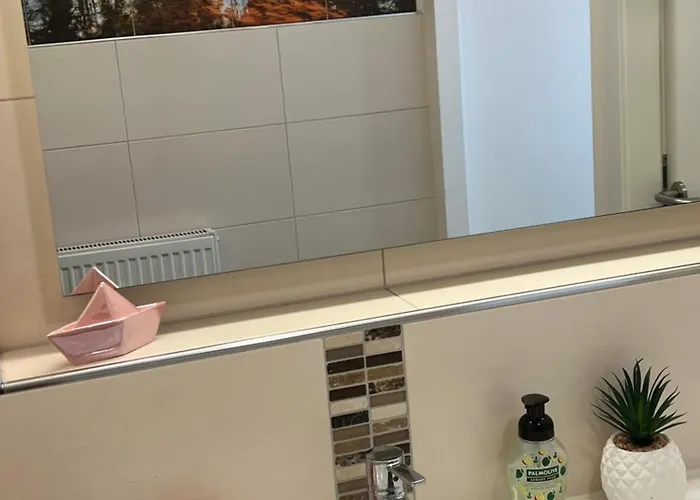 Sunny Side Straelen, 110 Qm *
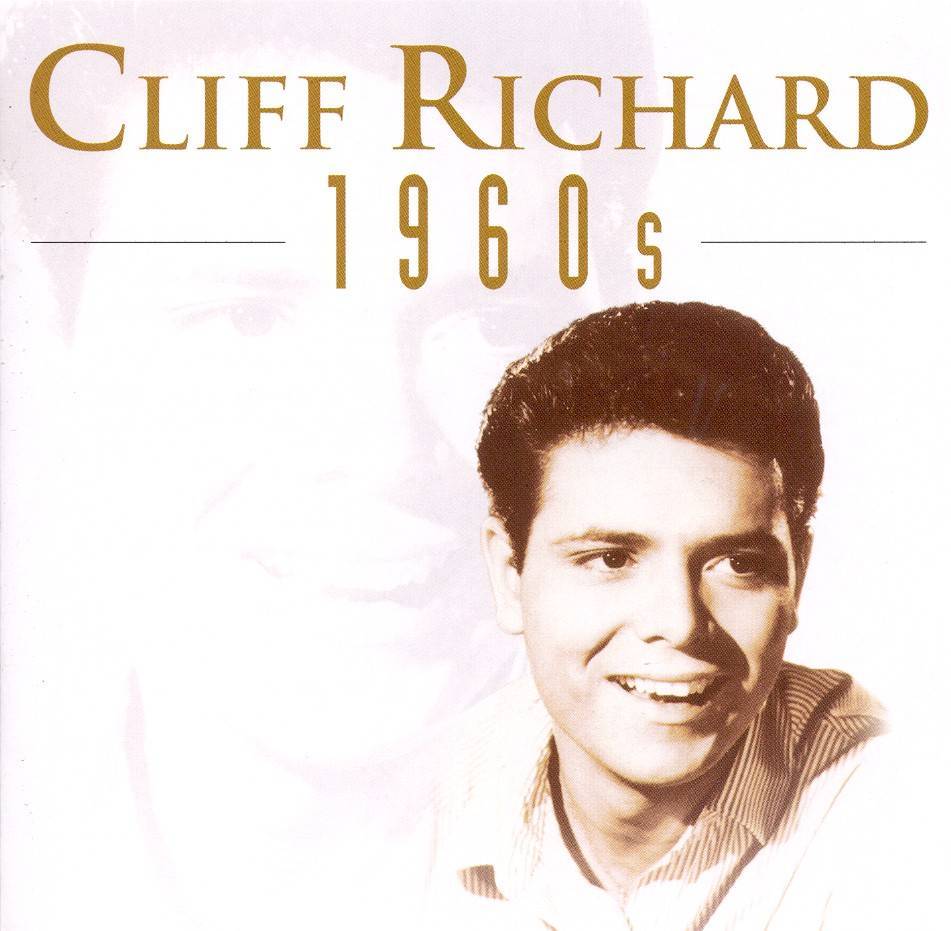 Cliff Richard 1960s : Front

* * *

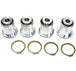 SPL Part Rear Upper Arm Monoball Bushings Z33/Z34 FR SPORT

**DESCRIPTION OF THE TASK:**
The lines above from the line with "Sunny Side Straelen, 110 Qm *" through the line with "Cliff Richard 1960s : Front" are to be given again word for word, with no pictures among them.

**OUTPUT BELOW:**
 Sunny Side Straelen, 110 Qm *
 Cliff Richard 1960s : Front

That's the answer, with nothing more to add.